Kataloge

Graphische Arbeiten

Graphik, insbesondere die Zeichnung, ist ein Schaffensbereich Erich Grüns, den die Freunde seiner Kunst sehr zu Unrecht nur selten zu Gesicht bekommen. In seinen jährlichen Ausstellungen dominiert die Farbe - ein Medium, mit dem er virtuos umgeht. Höhepunkte auf diesem Gebiet stellen seine Aquarelle dar, in die er Stimmungen und Gefühlsnuancen durch expressive Gestaltung pointiert hineinzulegen vermag. Zahlreiche Zyklen wie "Altes und Neues Testament", das finnische Nationalepos "Kalevala" sowie Folgen zur Mythologie verschiedener Völker sind weitgehend in dieser Technik entstanden und auch von dritter Seite interpretiert worden. Ein aufmerksamer Blick auf seine Aquarelle läßt die unterschiedlich starke Bindung an die Zeichnung erkennen, die immer dann besonderes Gewicht erhält, wenn der Künstler spezifische Sachverhalte akzentuiert darstellen will. Als angemessenes Arbeitsinstrument dient ihm dabei der Aquarellstift.

Als eigenes Medium führt die Zeichnung bei Erich Grün gewissermaßen ein Schattendasein - nicht zuletzt deshalb, weil er die Blätter nur selten zu autonomen Kunstobjekten aufwertet, die er auch der Öffentlichkeit zugänglich macht. Dem widerspricht nicht, daß Grün viele seiner Zeichnungen und Skizzen signiert und ihnen damit einen gewissen Charakter des Endgültigen verliehen hat.

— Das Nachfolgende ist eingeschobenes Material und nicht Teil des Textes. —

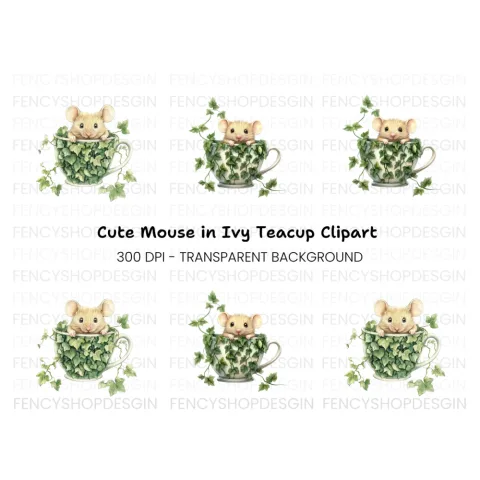 Cute Mice in Ivy Teacups Clipart Bundle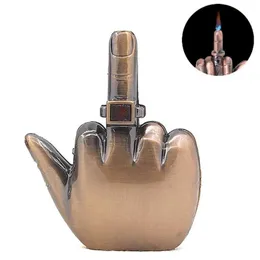 New Unusual Middle Finger Lighter Idea Refillable No Gas Red Flame Jet Lighter Butane Compact Lighter With Sound Gift For Men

Daß er sein zeichnerisches Werk aber nicht völlig verborgen hielt, belegt allerdings sein Katalog von 1987, in dem Susanne Kämmerer auch den Zeichnungen einen Abschnitt widmet. Im ganzen gesehen ist die Zeichnung jedoch in der publizistischen Begleitung seines künstlerischen Œvres unterpräsentiert: Sie wurde zwar nicht übersehen, trat aber doch deutlich hinter den augenfälligeren explosiven Farbgestaltungen Grüns zurück.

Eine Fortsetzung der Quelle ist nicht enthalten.